A Deep Dive into NVIDIA GPU Virtualization: Passthrough, MIG, vGPU, and Time-Slicing

Modern AI, graphics, and data-intensive workloads often require high-performance GPU resources. But GPUs can be costly, power-hungry, and frequently underutilized if dedicated to a single VM or container. Fortunately, NVIDIA provides multiple ways to share and virtualize GPU hardware across different workloads, each with its own advantages and trade-offs.

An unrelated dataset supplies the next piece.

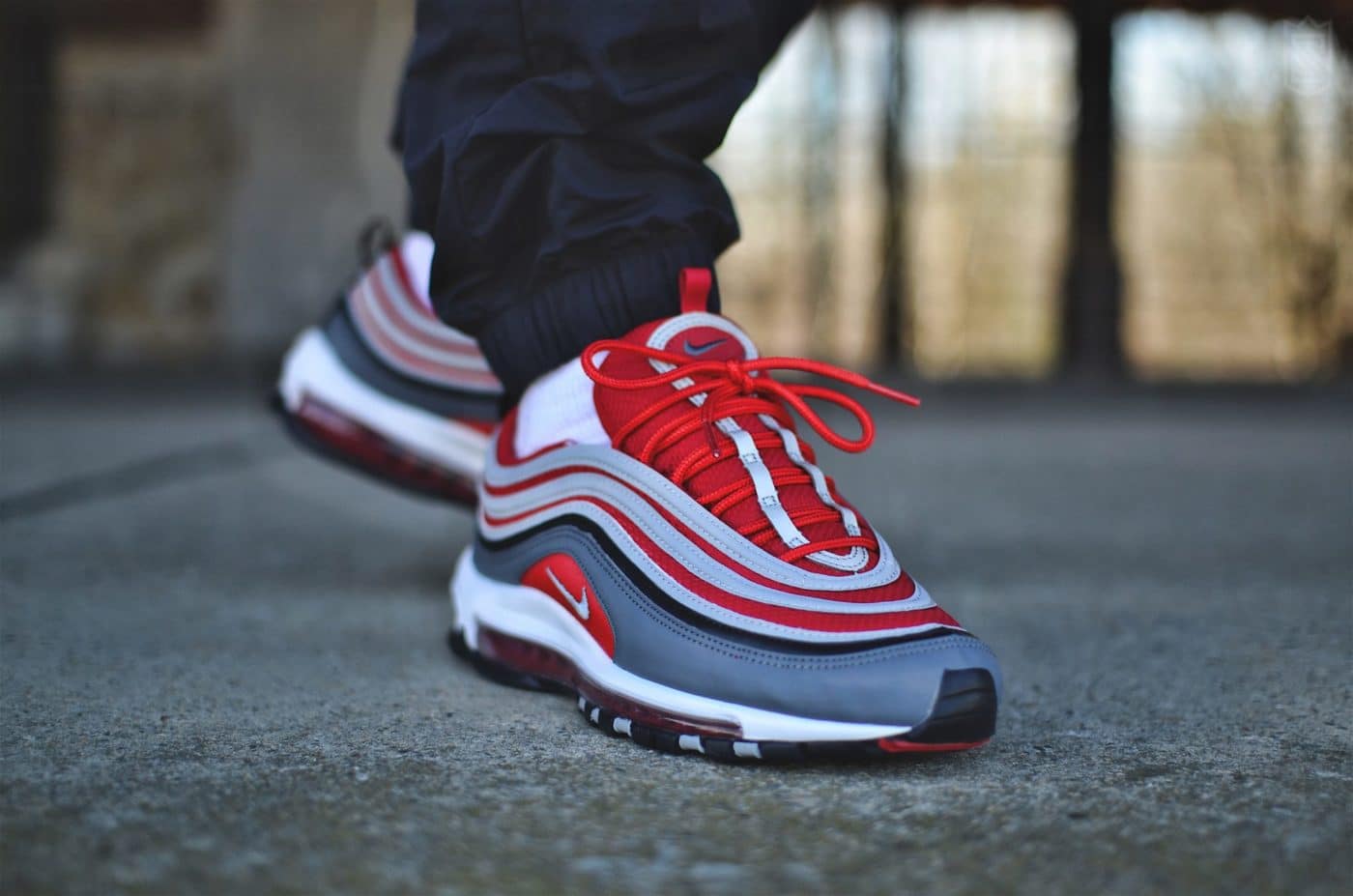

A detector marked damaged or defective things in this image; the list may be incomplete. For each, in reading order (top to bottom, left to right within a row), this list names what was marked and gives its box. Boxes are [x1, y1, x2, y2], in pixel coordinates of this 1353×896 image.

cracked concrete surface [2, 381, 1353, 893]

In this post, I’ll walk you through four main approaches to GPU virtualization on NVIDIA hardware:

1. GPU Passthrough
2. Multi-Instance GPU (MIG)
3. NVIDIA vGPU (time-sharing mode)
4. Software Time-Slicing without vGPU

We’ll explore how each option works, the pros and cons, licensing considerations, and which use cases they serve best.

1. GPU Passthrough

What It Is

• GPU Passthrough gives one virtual machine (VM) direct and exclusive access to a physical GPU. The hypervisor (VMware, KVM, Hyper-V, etc.) “passes” the PCI device through to the guest OS (e.g., via VT-d/IOMMU).
• The guest OS installs the standard NVIDIA driver as if the GPU were bare-metal.

Key Points

• Performance: Nearly native. Little to no overhead, ideal for compute-heavy workloads or demanding applications that need full GPU capacity.
• Isolation: Excellent. One VM owns one physical GPU, so no risk of interference from other VMs.
• Scalability Limitation: Each physical GPU is dedicated to a single VM. If you need 10 GPU-enabled VMs simultaneously, you must install 10 physical GPUs.
• No Additional NVIDIA Licensing: Standard data center drivers typically suffice. No vGPU license required.
• Migration Challenges: Live migration (vMotion, Live Migration in Hyper-V) typically doesn’t work with direct pass-through devices.

Typical Use Cases

• Single-user or single-tenant scenarios where each VM demands full GPU performance (e.g., HPC compute, large AI training).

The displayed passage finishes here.